**Exercise:**
Repeat the following data exactly, omitting pictures.

Image-text web data:
==============================

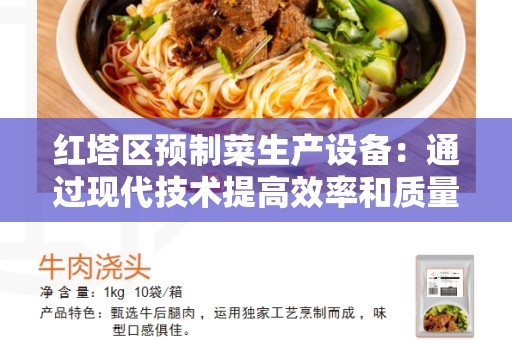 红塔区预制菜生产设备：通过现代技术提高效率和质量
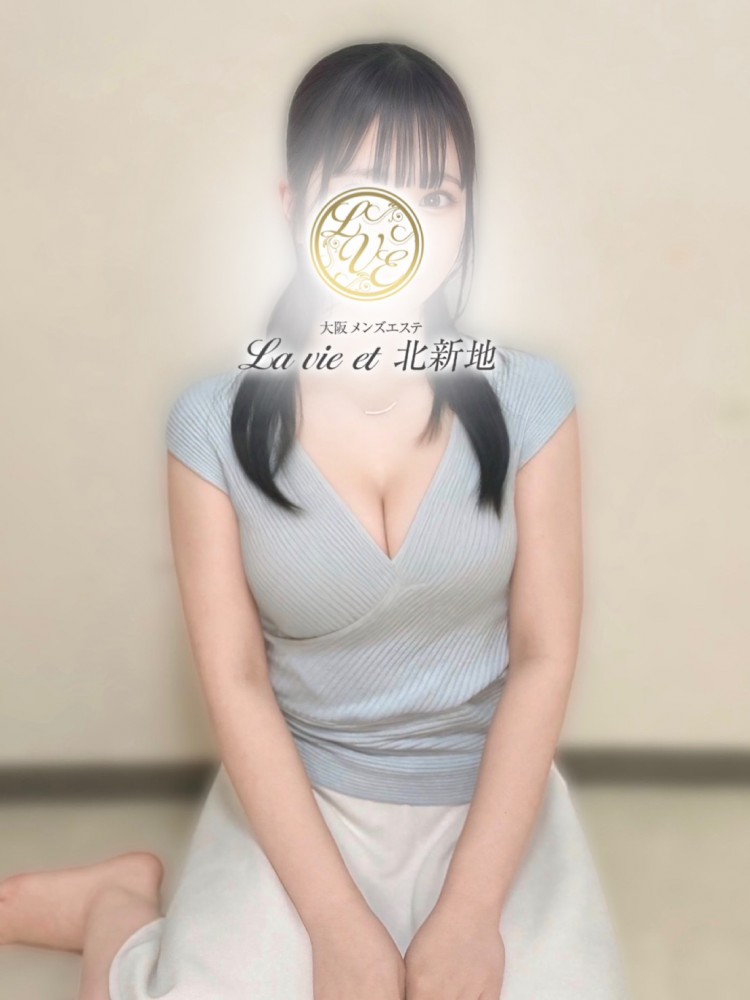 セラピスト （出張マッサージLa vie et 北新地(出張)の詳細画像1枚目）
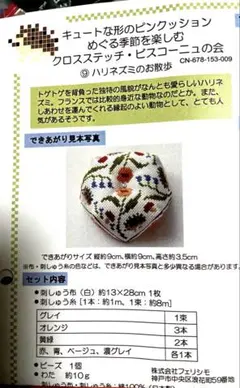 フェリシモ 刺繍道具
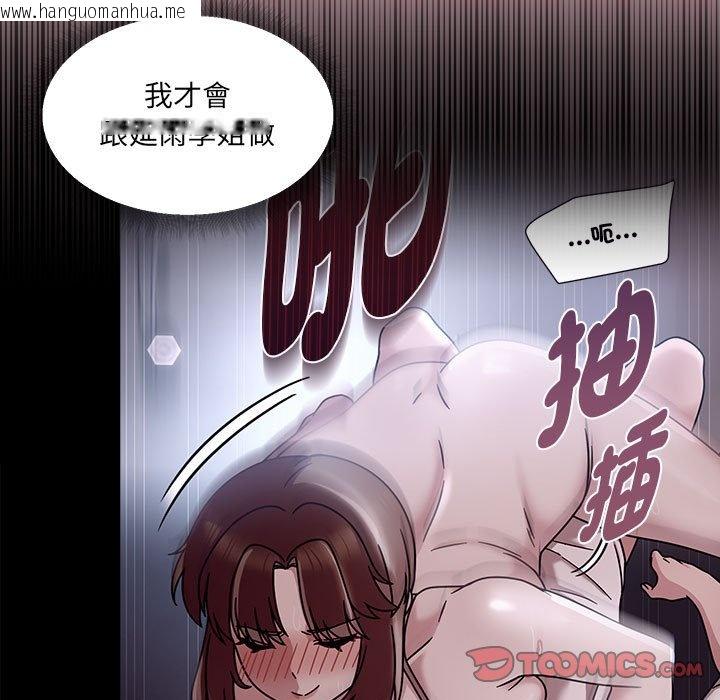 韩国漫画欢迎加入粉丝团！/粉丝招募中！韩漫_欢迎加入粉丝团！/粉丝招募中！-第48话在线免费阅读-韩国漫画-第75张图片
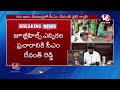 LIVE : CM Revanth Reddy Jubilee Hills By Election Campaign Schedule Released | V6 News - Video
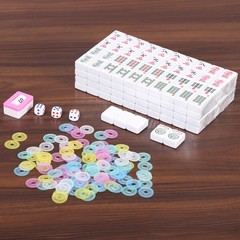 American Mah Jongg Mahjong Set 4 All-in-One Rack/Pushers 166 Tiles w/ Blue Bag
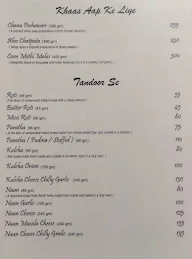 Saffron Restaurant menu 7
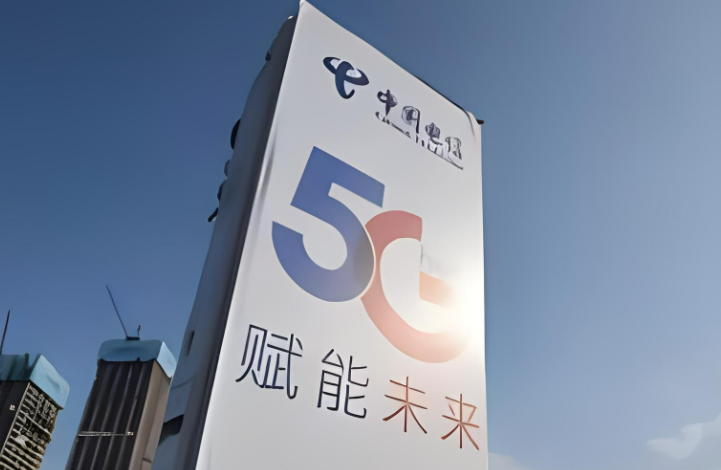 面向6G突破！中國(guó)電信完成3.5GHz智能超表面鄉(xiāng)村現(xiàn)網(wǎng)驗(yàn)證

==============================

**Exercise answer:**
 红塔区预制菜生产设备：通过现代技术提高效率和质量
 セラピスト （出張マッサージLa vie et 北新地(出張)の詳細画像1枚目）
 フェリシモ 刺繍道具
 韩国漫画欢迎加入粉丝团！/粉丝招募中！韩漫_欢迎加入粉丝团！/粉丝招募中！-第48话在线免费阅读-韩国漫画-第75张图片
 LIVE : CM Revanth Reddy Jubilee Hills By Election Campaign Schedule Released | V6 News - Video
 American Mah Jongg Mahjong Set 4 All-in-One Rack/Pushers 166 Tiles w/ Blue Bag
 Saffron Restaurant menu 7
 面向6G突破！中國(guó)電信完成3.5GHz智能超表面鄉(xiāng)村現(xiàn)網(wǎng)驗(yàn)證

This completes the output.